The base case is the starting point of mathematical induction. It involves verifying that the given property holds for the smallest positive integer, usually 1. In our original exercise, this means checking whether \( (ab)^1 = a^1 b^1 \). For the base case to succeed, both sides of the equation must be equal. This step is crucial since missing or incorrect base cases might lead to faulty conclusions subsequently. Think of the base case as the foundation of a tall building. If it is stable, we can confidently add more floors. Thus, proving the base case ensures that we can begin using induction with a strong starting point.

Once we establish the base case, we move on to the next phase known as the inductive hypothesis. This requires us to assume that the property is true for some arbitrary positive integer, say \( n = k \). In our case, the assumption is \( (ab)^k = a^k b^k \). It's important to note here that this is purely an assumption and not a proven fact yet.This step acts like a bridge, joining the base case and the next step of proving the next number. Think of the inductive hypothesis as a hypothesis in a science experiment. It's a carefully crafted assumption that helps us explore further and justifies the progression from one integer to the next.

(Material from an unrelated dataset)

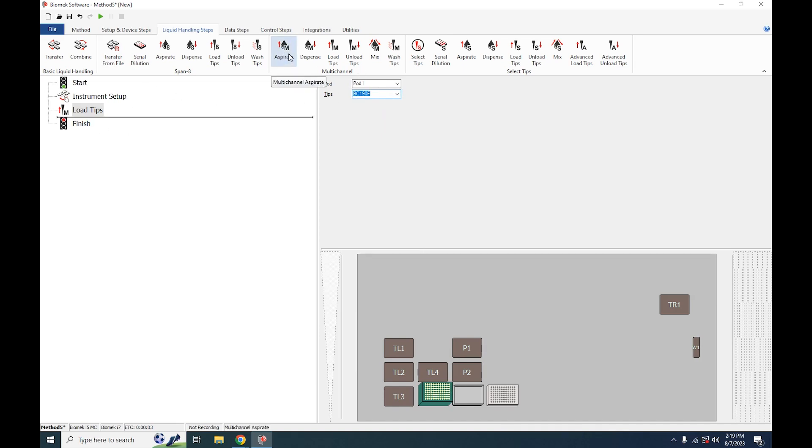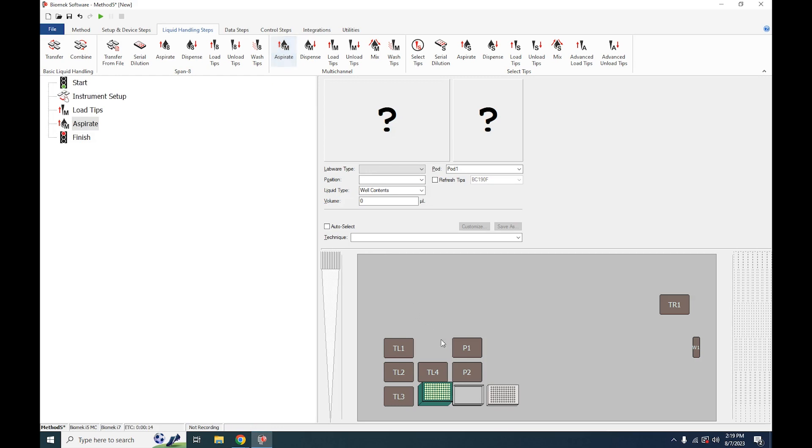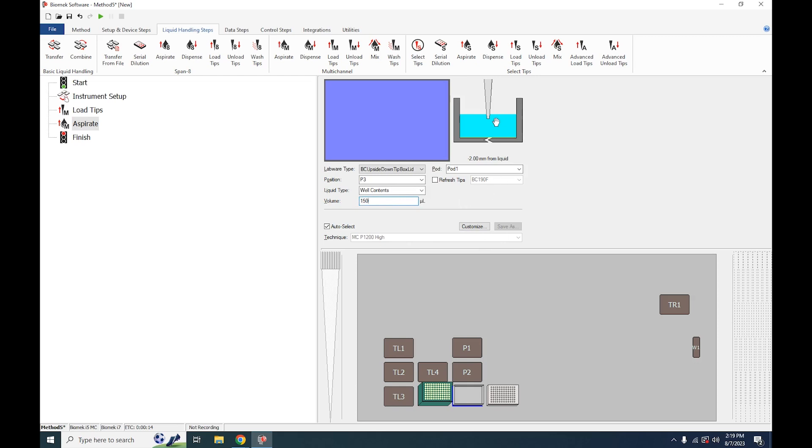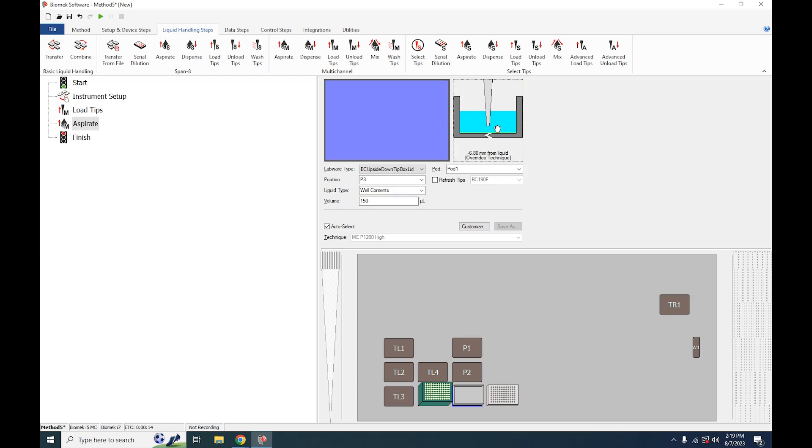Next we will select Aspirate. Click on the position we'd like to aspirate from. Auto-select a technique or choose whichever technique you'd like. Define how much volume you'd like to aspirate. In our case we're going to choose 150 microliters. And also drag or leave this position to choose how far from the bottom you wish to aspirate.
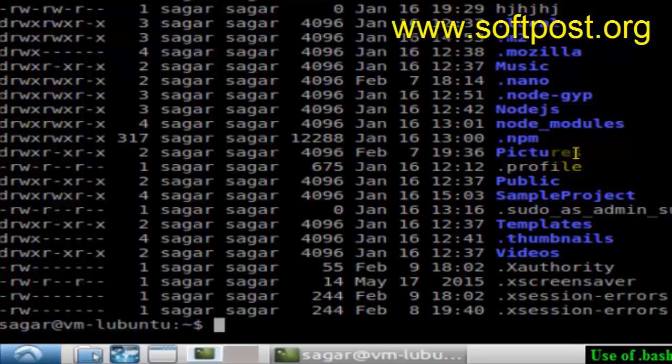If I issue the command ls -al, it will display all the files including hidden files. Since it's a hidden file, that's why I used the ls -al command.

In the inductive step, we prove that if the property holds for \( n = k \), then it must also hold for \( n = k + 1 \). This step relies heavily on our inductive hypothesis. For our particular problem, we aim to prove \( (ab)^{k+1} = a^{k+1} b^{k+1} \).To demonstrate this, we start from \( (ab)^{k+1} \). Using the previous assumption \( (ab)^k = a^k b^k \), we can simplify \( (ab)^{k+1} = (ab)^k \cdot (ab) \) into \( a^k b^k \cdot a b \), which further simplifies straightforwardly to \( a^{k+1} b^{k+1} \). The inductive step solidifies the entire process of mathematical induction. It's akin to taking a leap forward, equipped with the stepping stone provided by the inductive hypothesis. Completing this step means assuring that our property holds not just for one instance but progresses universally, justifying its proof for all positive integers.